Object of class "character" ~~

geneDirect:

Object of class "numeric" ~~

thresholds:

Object of class "numeric" ~~

dirMat:

Object of class "matrix" ~~

Methods

analysisPipeline

signature(dataSet = "ExpressionSet", geneSig = "geneSignature"): ...

ensembleAdjustable

signature(dataSet = "ExpressionSet", geneSig = "geneSignature"): ...

ensembleAdjustable

signature(dataSet = "matrix", geneSig = "geneSignature"): ...

getDirect

signature(g = "geneSignature"): ...

getGenes

signature(g = "geneSignature"): ...

getNGenes

signature(g = "geneSignature"): ...

getThresholds

signature(g = "geneSignature"): ...

setDirect

signature(g = "geneSignature", direct = "numeric"): ...

setGenes

signature(g = "geneSignature"): ...

setGeneSignature

signature(g = "geneSignature"): ...

setThresholds

signature(g = "geneSignature"): ...

Author(s)

UnJin lee

References

Lee U, Frankenberger C, Yun J, Bevilacqua E, Caldas C, et al. (2013) A Prognostic Gene Signature for Metastasis-Free Survival of Triple Negative Breast Cancer Patients. PLoS ONE 8(12): e82125. doi:10.1371/journal.pone.0082125

Examples

showClass("geneSignature")

geneSignature functions

Description

The geneSignature object contains the necessary elements defining the signaling environment on which a prognostic gene signature will be created.

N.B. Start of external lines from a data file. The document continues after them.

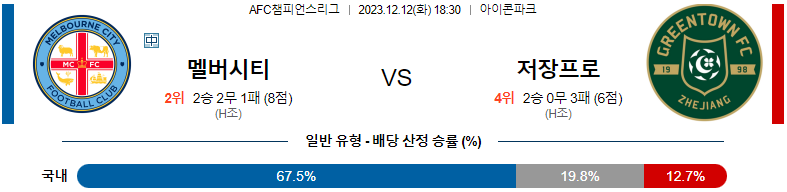 12월12일 아시아챔피언스리그 멜버른시티 저장 아시아축구분석 스포츠분석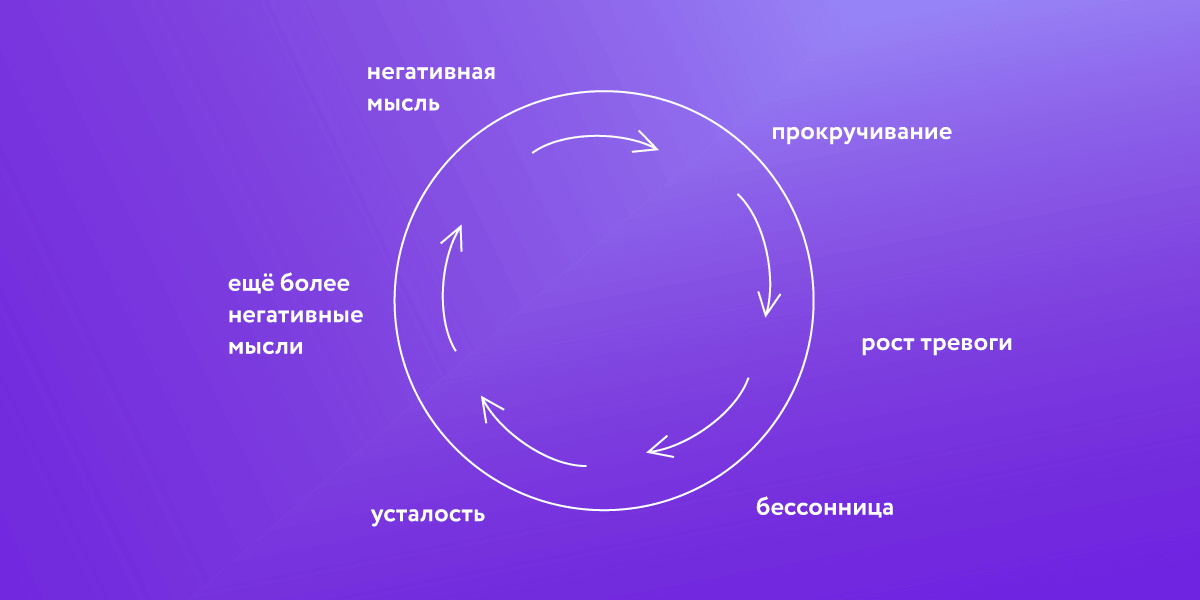Руминация Иллюстрация 30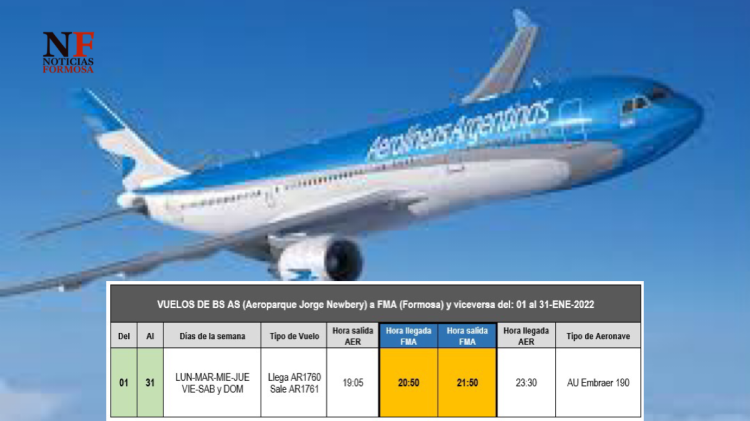 Aerolíneas volverá a tener vuelos diarios a Formosa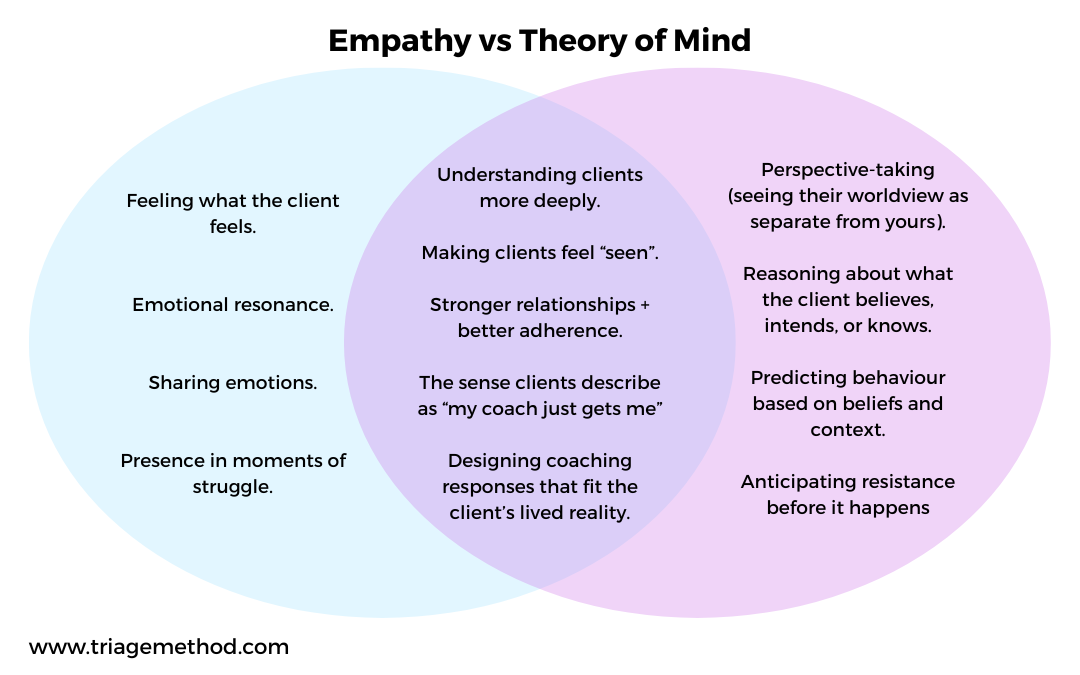 empathy vs theory of mind venn diagram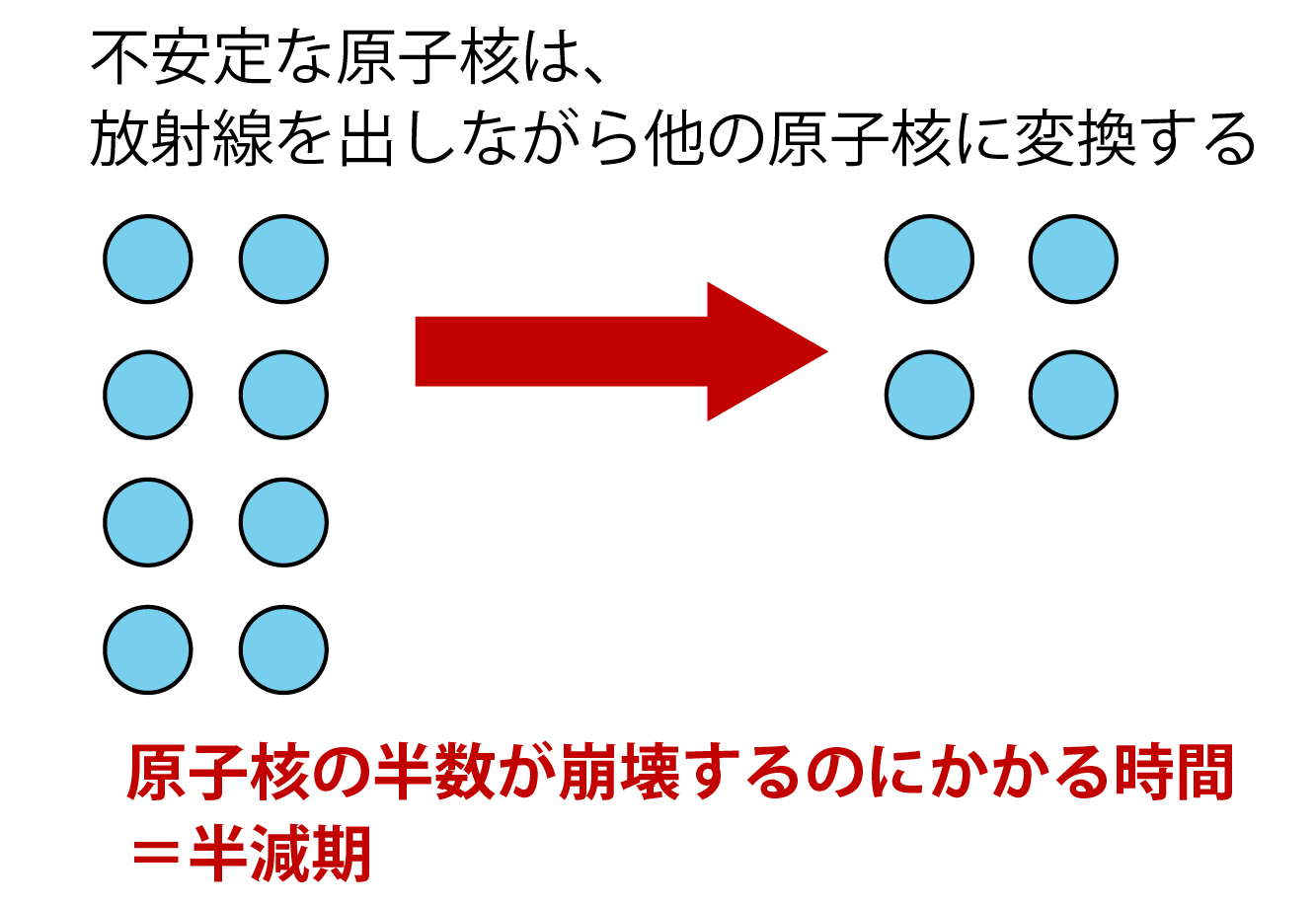 半減期の解説画像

This collection of functions are used to manipulate or retrieve the data slots of a given geneSignature object.

Usage

setGeneSignature(g, direct=NA, thresholds=c(0), genes=NA, mat=matrix())
setDirect(g, direct)
setThresholds(g, thresholds)
setGenes(g, genes)
getDirect(g)
getThresholds(g)
getGenes(g)
getNGenes(g)

Arguments

g

geneSignature object

direct

vector of -1s or 1s representing down- or up-regulation respectively

thresholds

vector of values containing thresholds for the geneSignature object

genes

character vector of gene names

mat

matrix of interactions between genes (unused)

Value

All setting functions return objects of class geneSignature. getDirect yields a vector of -1s or 1s, getThesholds yields a vector of theshold values, getGenes yields a character vector of gene names, getNGenes yields the number of genes in the geneSignature

Author(s)

UnJin Lee

Examples

## Generate and read out values of a geneSignature object
gs <- setGeneSignature(new("geneSignature"), c(1, 1), c(0, 0), c("BACH1", "RKIP"), matrix())
getDirect(gs)
getThresholds(gs)
getGenes(gs)
getNGenes(gs)

The sigsquared package

Description

The sigsquared package attempts to detect the presence of alternate signaling states of an input pathway that significantly predict differential survival outcome within a mixed cohort of patients. The main goal of this package is to generate gene signatures given known signaling pathways that are predictive of differential survival outcome. The two main functions used to accomplish this goal are first, the ability to train model parameters for a given linear network model, and second, the ability to apply the model and trained parameters to transcript data.